# Your instructions
Every line from the one holding "Soft Plush Baby" through the one holding "CCIYU X 1 Remote" in the data below must be returned exactly, both ends included, with pictures left out and nothing else added.

# Extracted material

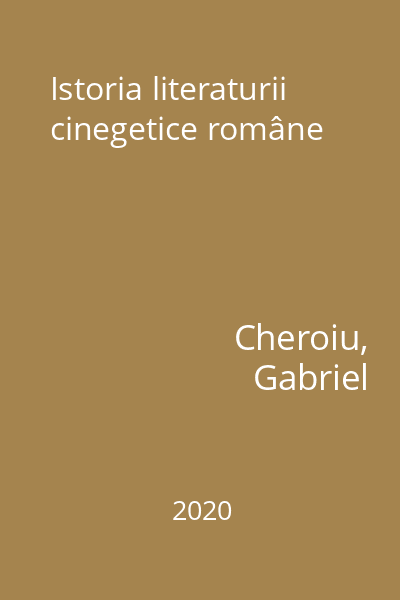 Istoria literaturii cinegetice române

==

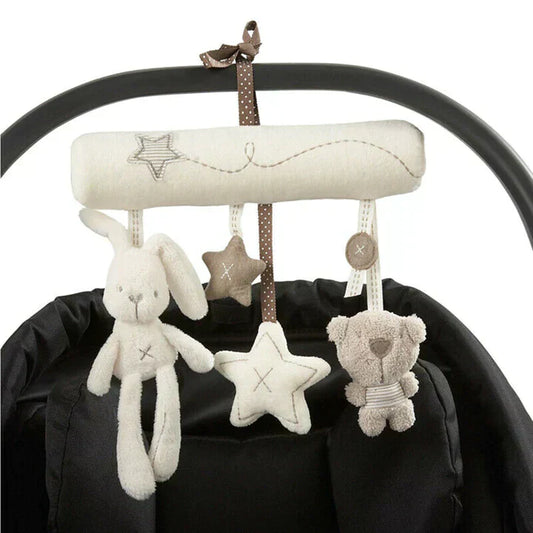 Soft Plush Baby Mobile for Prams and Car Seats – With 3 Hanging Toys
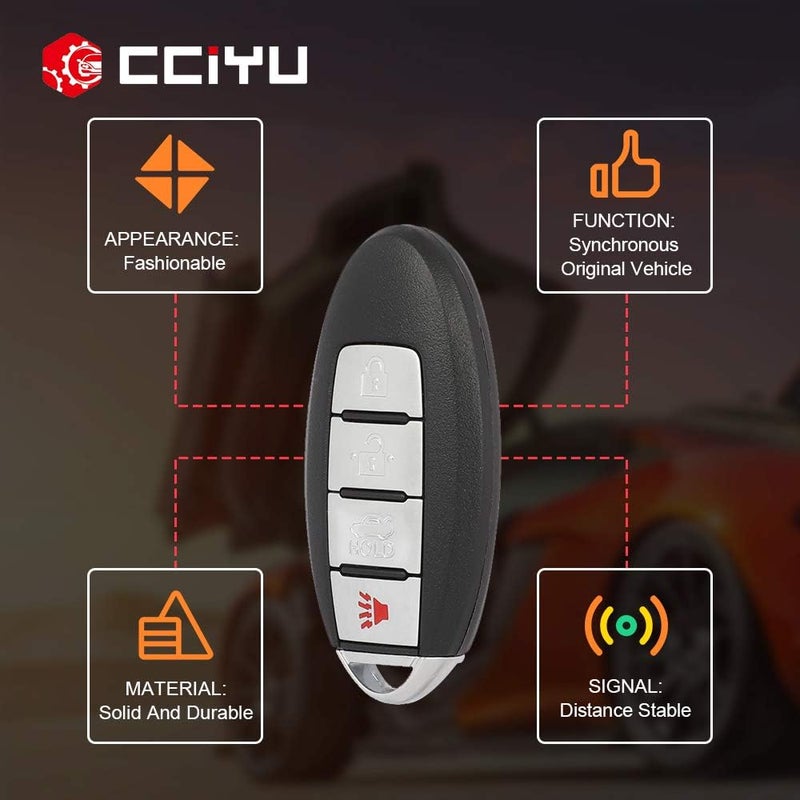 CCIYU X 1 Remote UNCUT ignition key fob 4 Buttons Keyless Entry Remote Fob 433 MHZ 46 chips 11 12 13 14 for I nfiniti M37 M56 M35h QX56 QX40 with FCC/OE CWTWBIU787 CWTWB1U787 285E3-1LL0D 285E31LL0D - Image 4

# Answer for the task
 Soft Plush Baby Mobile for Prams and Car Seats – With 3 Hanging Toys
 CCIYU X 1 Remote UNCUT ignition key fob 4 Buttons Keyless Entry Remote Fob 433 MHZ 46 chips 11 12 13 14 for I nfiniti M37 M56 M35h QX56 QX40 with FCC/OE CWTWBIU787 CWTWB1U787 285E3-1LL0D 285E31LL0D - Image 4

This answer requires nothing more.